- GOAL OF THE EXERCISE: Copy every line from the records that holds the word "Shirt".

- Collected data:
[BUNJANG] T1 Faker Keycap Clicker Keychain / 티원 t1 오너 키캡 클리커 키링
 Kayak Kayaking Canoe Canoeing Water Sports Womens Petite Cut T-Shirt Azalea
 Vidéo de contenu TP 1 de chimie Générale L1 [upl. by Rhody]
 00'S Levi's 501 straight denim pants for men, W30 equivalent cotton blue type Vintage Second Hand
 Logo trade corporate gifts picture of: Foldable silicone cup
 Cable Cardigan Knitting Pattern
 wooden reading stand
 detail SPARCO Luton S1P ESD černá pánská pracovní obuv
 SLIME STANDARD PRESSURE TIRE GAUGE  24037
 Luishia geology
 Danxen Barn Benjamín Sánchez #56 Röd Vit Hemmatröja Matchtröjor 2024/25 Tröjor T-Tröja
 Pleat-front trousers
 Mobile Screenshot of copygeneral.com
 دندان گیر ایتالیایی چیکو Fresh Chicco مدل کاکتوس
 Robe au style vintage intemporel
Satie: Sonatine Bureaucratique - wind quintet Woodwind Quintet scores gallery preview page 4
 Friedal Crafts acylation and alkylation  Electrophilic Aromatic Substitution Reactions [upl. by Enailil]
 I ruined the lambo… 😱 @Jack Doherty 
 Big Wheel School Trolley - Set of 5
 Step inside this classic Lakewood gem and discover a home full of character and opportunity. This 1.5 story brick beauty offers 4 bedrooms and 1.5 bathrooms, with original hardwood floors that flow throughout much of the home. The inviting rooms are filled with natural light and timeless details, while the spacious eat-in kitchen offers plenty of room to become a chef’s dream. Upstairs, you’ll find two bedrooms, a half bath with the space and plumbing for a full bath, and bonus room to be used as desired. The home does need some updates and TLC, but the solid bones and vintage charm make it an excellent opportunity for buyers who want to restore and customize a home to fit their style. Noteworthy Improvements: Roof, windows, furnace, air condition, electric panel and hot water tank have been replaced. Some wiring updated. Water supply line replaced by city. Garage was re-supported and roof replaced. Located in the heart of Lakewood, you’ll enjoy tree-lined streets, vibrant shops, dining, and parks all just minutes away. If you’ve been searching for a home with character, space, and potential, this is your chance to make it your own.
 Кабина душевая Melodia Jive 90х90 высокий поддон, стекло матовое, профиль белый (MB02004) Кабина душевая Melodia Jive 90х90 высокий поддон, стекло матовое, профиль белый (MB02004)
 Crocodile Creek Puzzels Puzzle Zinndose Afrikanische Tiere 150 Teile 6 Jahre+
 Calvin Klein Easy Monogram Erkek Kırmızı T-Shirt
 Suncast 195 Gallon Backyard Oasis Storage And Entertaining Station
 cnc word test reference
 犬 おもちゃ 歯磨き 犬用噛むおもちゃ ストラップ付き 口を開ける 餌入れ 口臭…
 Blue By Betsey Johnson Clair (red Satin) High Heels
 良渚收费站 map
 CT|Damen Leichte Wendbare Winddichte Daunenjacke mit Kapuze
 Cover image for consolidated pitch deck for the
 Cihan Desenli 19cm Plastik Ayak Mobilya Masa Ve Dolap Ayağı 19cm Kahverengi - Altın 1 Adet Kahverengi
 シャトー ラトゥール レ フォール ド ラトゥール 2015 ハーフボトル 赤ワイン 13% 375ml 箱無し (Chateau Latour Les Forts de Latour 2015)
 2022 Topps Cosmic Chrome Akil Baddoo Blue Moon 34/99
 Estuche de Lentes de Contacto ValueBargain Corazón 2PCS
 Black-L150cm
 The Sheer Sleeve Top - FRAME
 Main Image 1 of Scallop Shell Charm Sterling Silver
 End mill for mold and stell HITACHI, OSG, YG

- OUTPUT OF THE TASK:
 Kayak Kayaking Canoe Canoeing Water Sports Womens Petite Cut T-Shirt Azalea
 Calvin Klein Easy Monogram Erkek Kırmızı T-Shirt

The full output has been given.